| Claudio Grondi 2006-07-02, 3:55 am |
| Mark Adler wrote:
> Paul Marquess wrote:
>
>
>
> Actually, it would be much easier during compression. zran was written
> to handle the case where the compressed stream is provided with no
> consideration for random access, and then needs to be prepared for
> random access.
>
> When you're in control of the compression, you would simply use the
> Z_FULL_FLUSH option of zlib's deflate() function periodically, and keep
> a record of the compression and uncompressed offsets for each flush.
> Then you can start decompressing from any of those points. As I
> mentioned, an index spacing of about 1 MB would have almost no effect
> on compression, and would provide relatively fast random access for
> very large files.
>
> There is no example code, but it would be straightforward to implement.
>
> mark
>
Warning, idea below not yet tested, but I think it should work.
The only problems I see with the approach below is, that the number of
files in an archive can be somehow limited and the random access to
files in archive can be much slower compared to the approach described
above.
What are the limits of the known archiver like 7zip, zip, bzip2, etc. in
terms of maximal number of files which could be stored in an archive?
Which archiver support random access to the archived files?
Having considered all of the currently known to me options, it appears,
that the simplest approach almost without need for any programming is
(it will be probably what I will use in case it will work for me as
expected):
1. split a large file into chunks by some file splitting application
storing the files with the chunks into a directory.
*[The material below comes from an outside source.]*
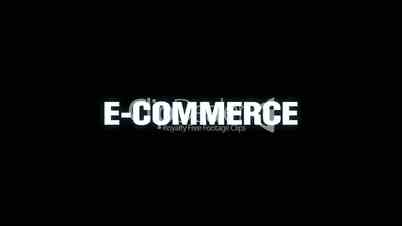 Online, Credit, , Purchasing, Mobile payment, Text animation 'E-COMMERCE'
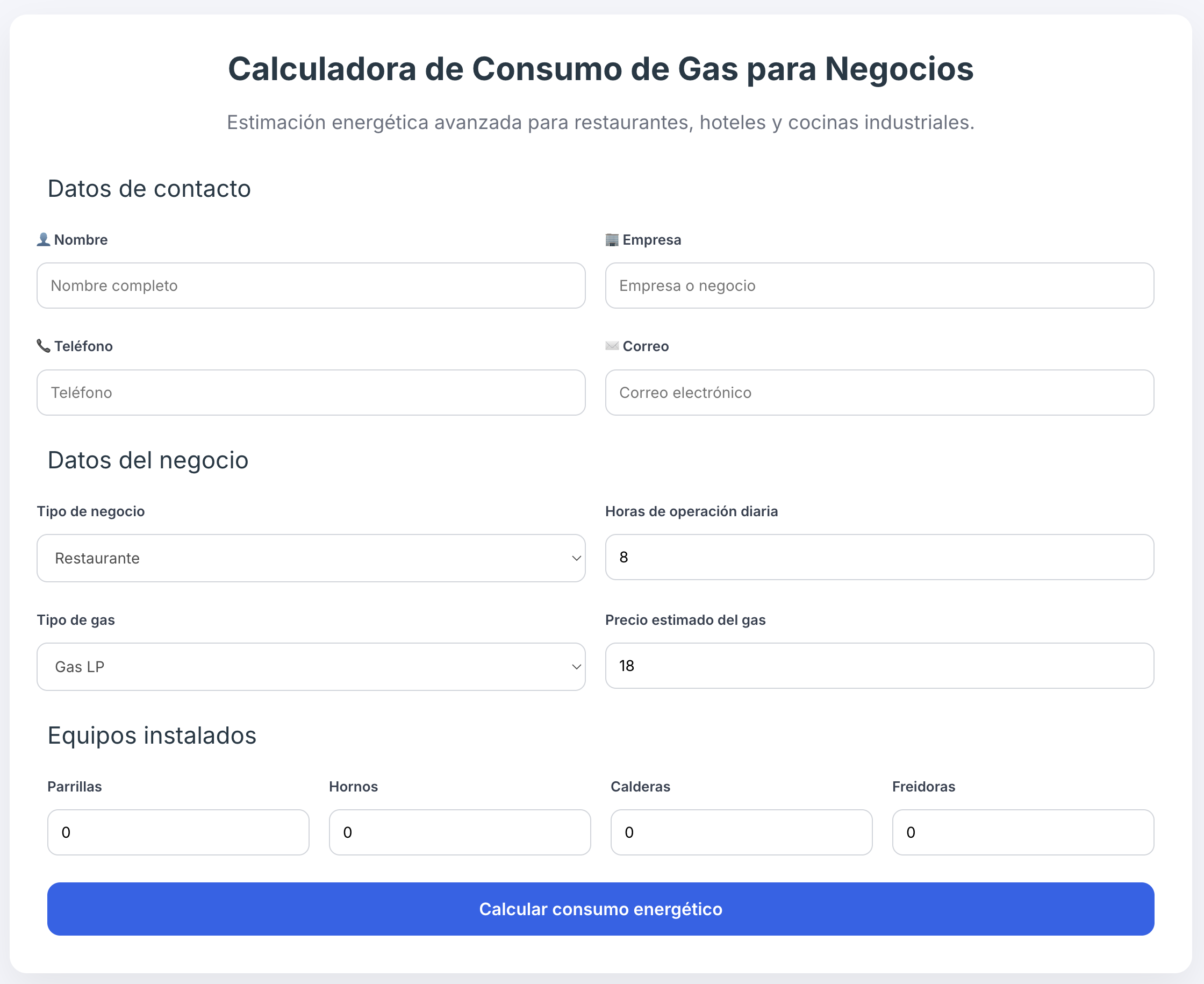 Calculadora de consumo de gas imagen para pagina de herramientas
The files have now
names numbered by the splitting application.
2. compress the directory of the chunk files by a compression program
supporting random access to its files as it is the case for zip based
compression, right?
By the way: which other archivers support random access to their files?
3. determine which file name(s) is(are) to use to extract the required
chunk(s) of the slice from the original file.
4. extract all necessary files, put them together using the splitting
application and s to the requested slice
The advantage of this approach is, that all the steps above can be done
easily even by hand or in a very simple script.
Who goes for the limits and uses the software API to access file content
in an archive is expected to be able to solve his problems with random
access to archived content himself.
Is that maybe the reason, why the archiving software does not cover this
special case of use of compression?
Claudio Grondi
|